Another issue in getting paid for commercial projects is when the customer pauses the installation. For example, Swann said his company has sent equipment and is already over halfway into a more than $100,000 job, both financially and physically.
"I have a lot invested in this project but haven't seen anything from it as of yet," said Swann. "I don't think it will be a problem, but I am concerned that if companies start using us for their cash flow, or they don't have new jobs coming in, that could be scary for us."
To help protect Climatic Heating and Cooling Inc., Swann has taken several steps to mitigate against non-payment for any project that has yet to be paid. One significant step is the lowering of the company’s debt load. The building out of which they operate is fully paid for, and the only debt currently held is on the company’s fleet of vehicles. Swann called the company holding the debt on the vehicles and asked for some extra time to make payments in order to ease his cash demand. The company was happy to comply and will not be sending out a bill for the rest of the year.

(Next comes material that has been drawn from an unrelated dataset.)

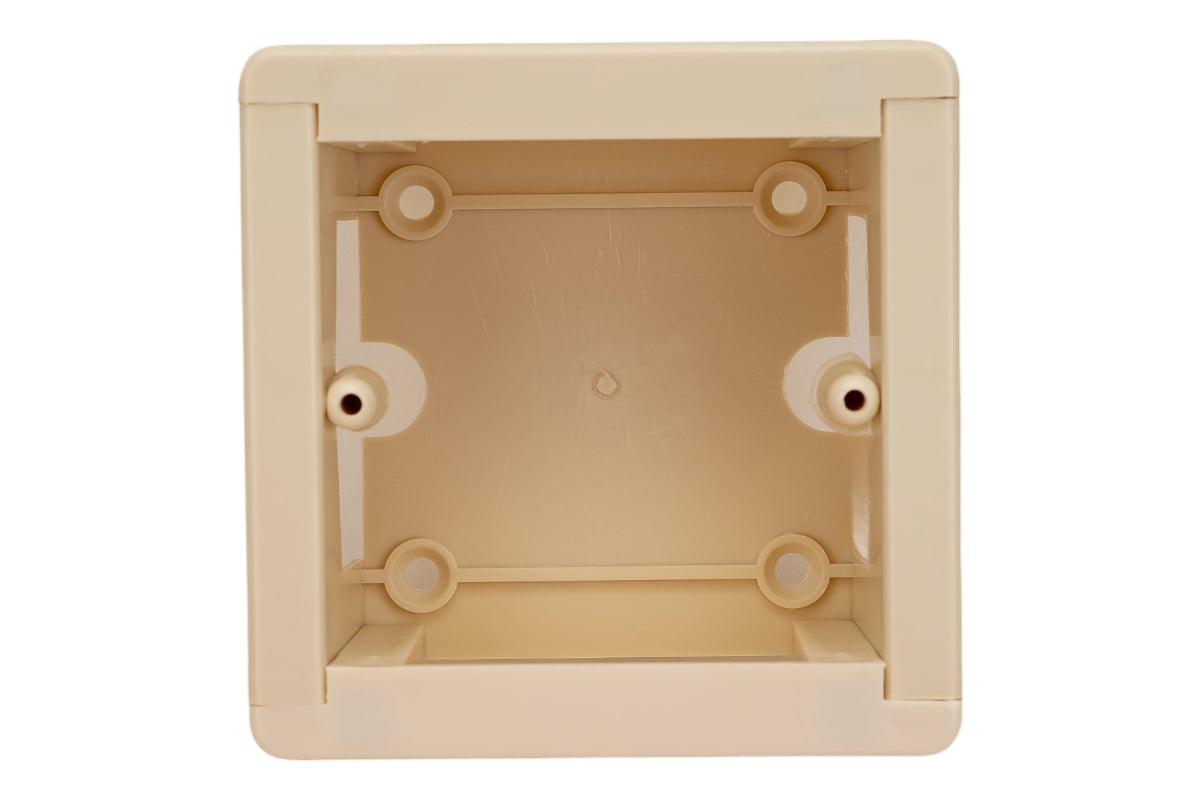 Коробка IEK, универсальная, КМКУ 88x88x44 мм, ЭЛЕКОР, слоновая кость ...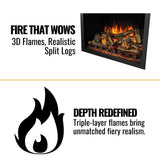 Napoleon Elevation 36" Built-In Electric Fireplace [NEFB36H-MF]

“All of the young companies and those with large debt loads need to be calling mortgage companies, their landlords, and their vehicle vendors,” said Swann. “They need to negotiate a space for them to work if payments or business do not come in as the quarantine’s end.”
He reminded contractors that they will have to pay the piper in the end, but it is wise to defer payments and hold on to every little bit of cash they can keep in their bank accounts right now.
WHEN CUSTOMERS CAN’T PAY
Even when a community that contractors work within isn’t struggling, there are times when emergencies and special situations arise when it comes to payment. With the eventual end of quarantines and a wobbly economy to face, it is likely that contractors will run into situations where customers are just not able to pay their bill or pay for an urgent and necessary repair.
HELPING PEOPLE: With the end of quarantines and a wobbly economy to face, it is likely that contractors will run into situations where customers are just not able to pay their bill or pay for an urgent and necessary repair.
Hoover and his company have an unwritten rule about situations that arise when customers are unable to pay. This rule is where humanity steps in over profit. He has empowered his employees to make decisions as to what is necessary and how to collect compensation for these special times.
“There have also been some occasions where we have told folks to just pay us when they can,” said Hoover. “This is typically something like a longtime customer that has fallen on hard times. Sometimes we get paid and sometimes not.”
Thornton & Grooms has exercised humanity over profit before the pandemic, and they will continue to evaluate each case separately as need arises.
“We will help folks in need with a pay-what-you-can or a free repair or replacement if it’s a person who just can’t pay,” said Bergstrom.
A strategy that Swann has taken in getting customers to pay is to personally call them and ask if there is anything they can do towards their bill. He suggests that if they offer $100, take it.
“That being said, though, part of our reputation as a company is helping people, and we will uphold that,” he said. “Am I probably going to do some repairs for free? Yes. I can’t imagine that I wouldn’t. Are we going to help people? Yes. Will we get taken advantage of a few times? Yes. But we are going to help people? Yes.”
Overall, Swann expects that instead of getting paid in a day to two days to 10 days on residential jobs, companies are likely to see a lot more 60-, 90-, 120-day bills in the future.